• Data for processing:
=-=-=-=-=

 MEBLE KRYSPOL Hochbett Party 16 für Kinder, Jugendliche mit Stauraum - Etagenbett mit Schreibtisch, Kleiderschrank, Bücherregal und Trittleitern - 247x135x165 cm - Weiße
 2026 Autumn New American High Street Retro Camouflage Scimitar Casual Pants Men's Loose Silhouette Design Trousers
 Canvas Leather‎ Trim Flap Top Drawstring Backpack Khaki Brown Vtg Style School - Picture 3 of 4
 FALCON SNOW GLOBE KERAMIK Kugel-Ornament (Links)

=-=-=-=-=

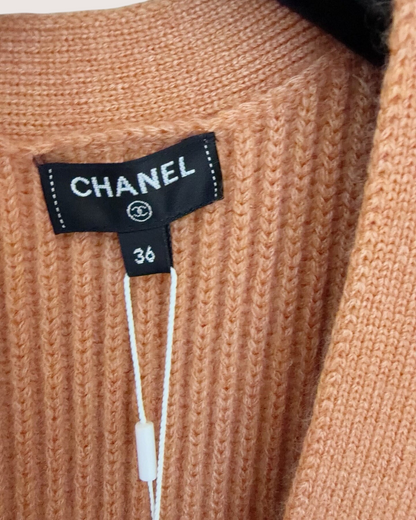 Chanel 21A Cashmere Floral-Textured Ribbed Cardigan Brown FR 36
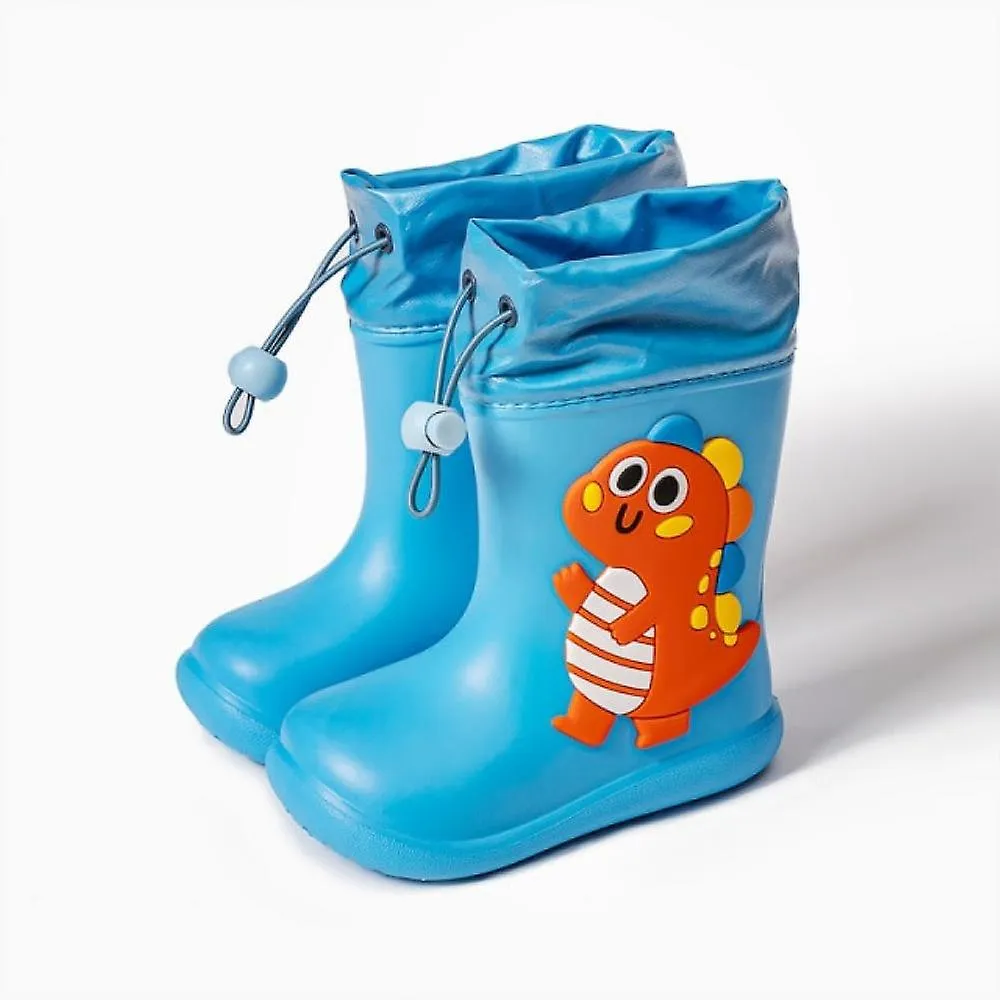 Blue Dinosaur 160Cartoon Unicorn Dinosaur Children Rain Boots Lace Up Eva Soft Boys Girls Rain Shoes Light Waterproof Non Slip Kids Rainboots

=-=-=-=-=

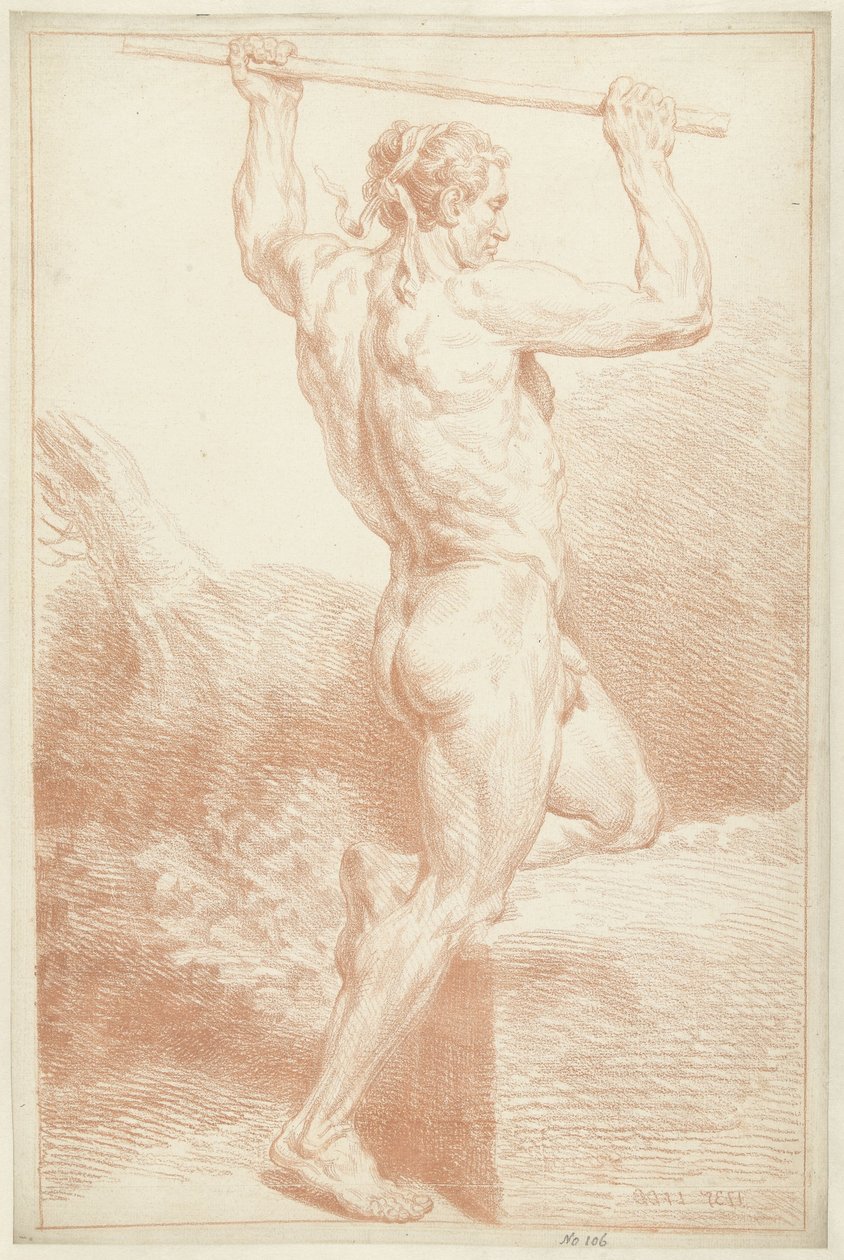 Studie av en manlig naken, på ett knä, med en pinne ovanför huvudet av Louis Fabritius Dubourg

=-=-=-=-=

• Task goal: From the records above, transcribe without alteration every line from the one with "MEBLE KRYSPOL Hochbett" to the one with "FALCON SNOW GLOBE", inclusive.

• Your solution:
 MEBLE KRYSPOL Hochbett Party 16 für Kinder, Jugendliche mit Stauraum - Etagenbett mit Schreibtisch, Kleiderschrank, Bücherregal und Trittleitern - 247x135x165 cm - Weiße
 2026 Autumn New American High Street Retro Camouflage Scimitar Casual Pants Men's Loose Silhouette Design Trousers
 Canvas Leather‎ Trim Flap Top Drawstring Backpack Khaki Brown Vtg Style School - Picture 3 of 4
 FALCON SNOW GLOBE KERAMIK Kugel-Ornament (Links)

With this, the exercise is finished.